**Material for the task:**
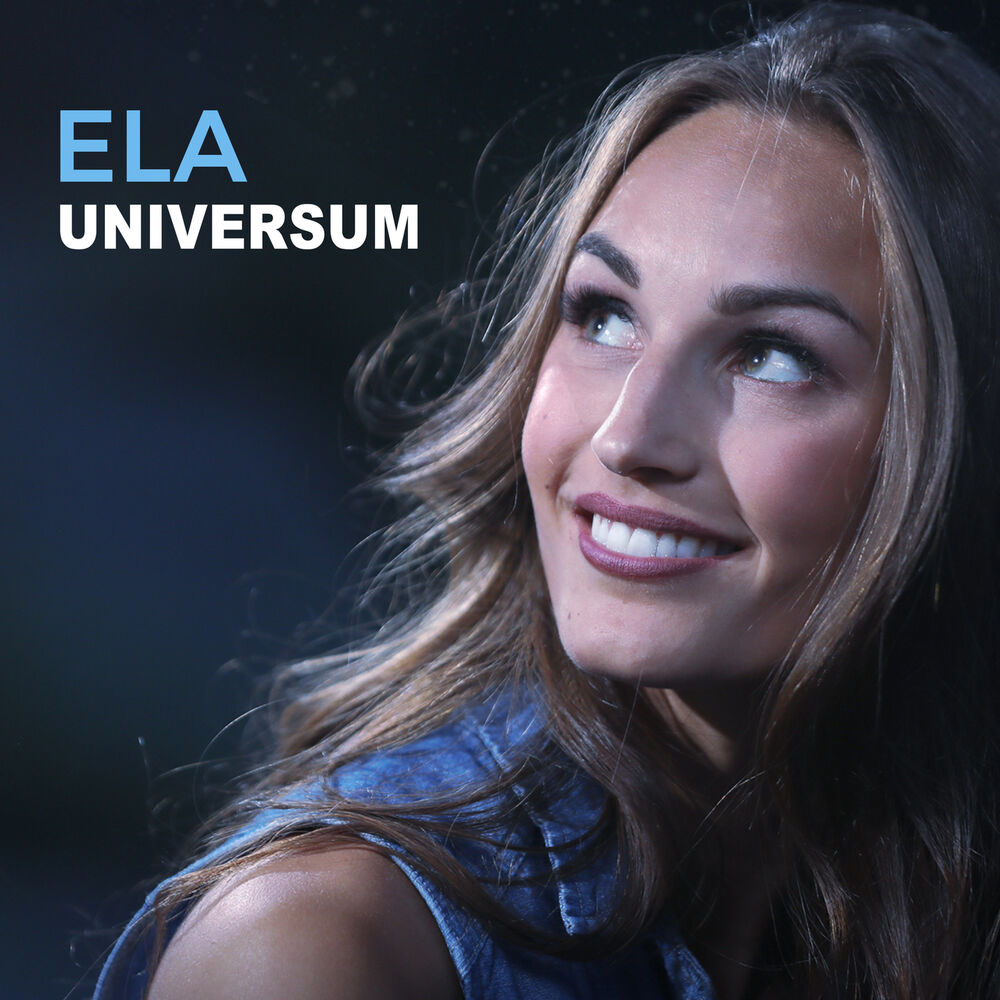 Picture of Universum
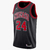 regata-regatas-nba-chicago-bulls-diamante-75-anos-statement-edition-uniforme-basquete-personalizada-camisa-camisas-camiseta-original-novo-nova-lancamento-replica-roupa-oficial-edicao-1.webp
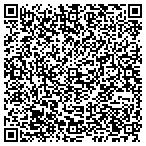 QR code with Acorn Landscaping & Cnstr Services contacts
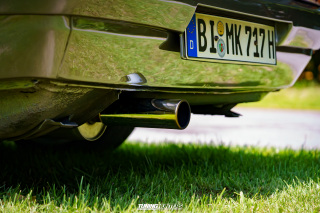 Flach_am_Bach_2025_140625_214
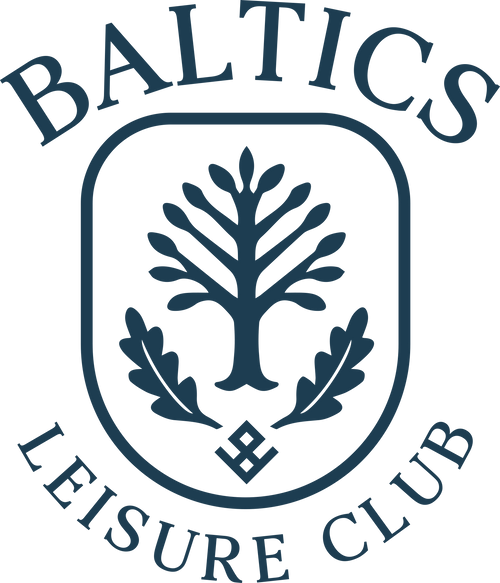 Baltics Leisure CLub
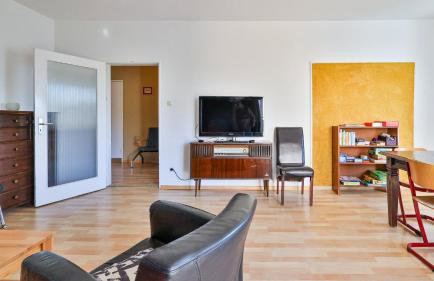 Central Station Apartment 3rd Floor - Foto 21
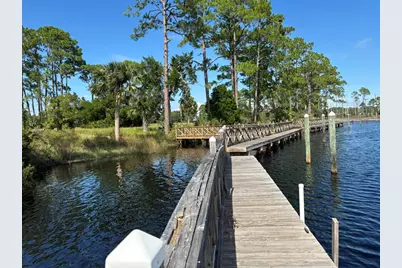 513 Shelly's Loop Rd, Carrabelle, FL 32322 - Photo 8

**Task statement:**
Leave the pictures out and return each entry exactly.

**Task answer:**
 Picture of Universum
 regata-regatas-nba-chicago-bulls-diamante-75-anos-statement-edition-uniforme-basquete-personalizada-camisa-camisas-camiseta-original-novo-nova-lancamento-replica-roupa-oficial-edicao-1.webp
 QR code with Acorn Landscaping & Cnstr Services contacts
 Flach_am_Bach_2025_140625_214
 Baltics Leisure CLub
 Central Station Apartment 3rd Floor - Foto 21
 513 Shelly's Loop Rd, Carrabelle, FL 32322 - Photo 8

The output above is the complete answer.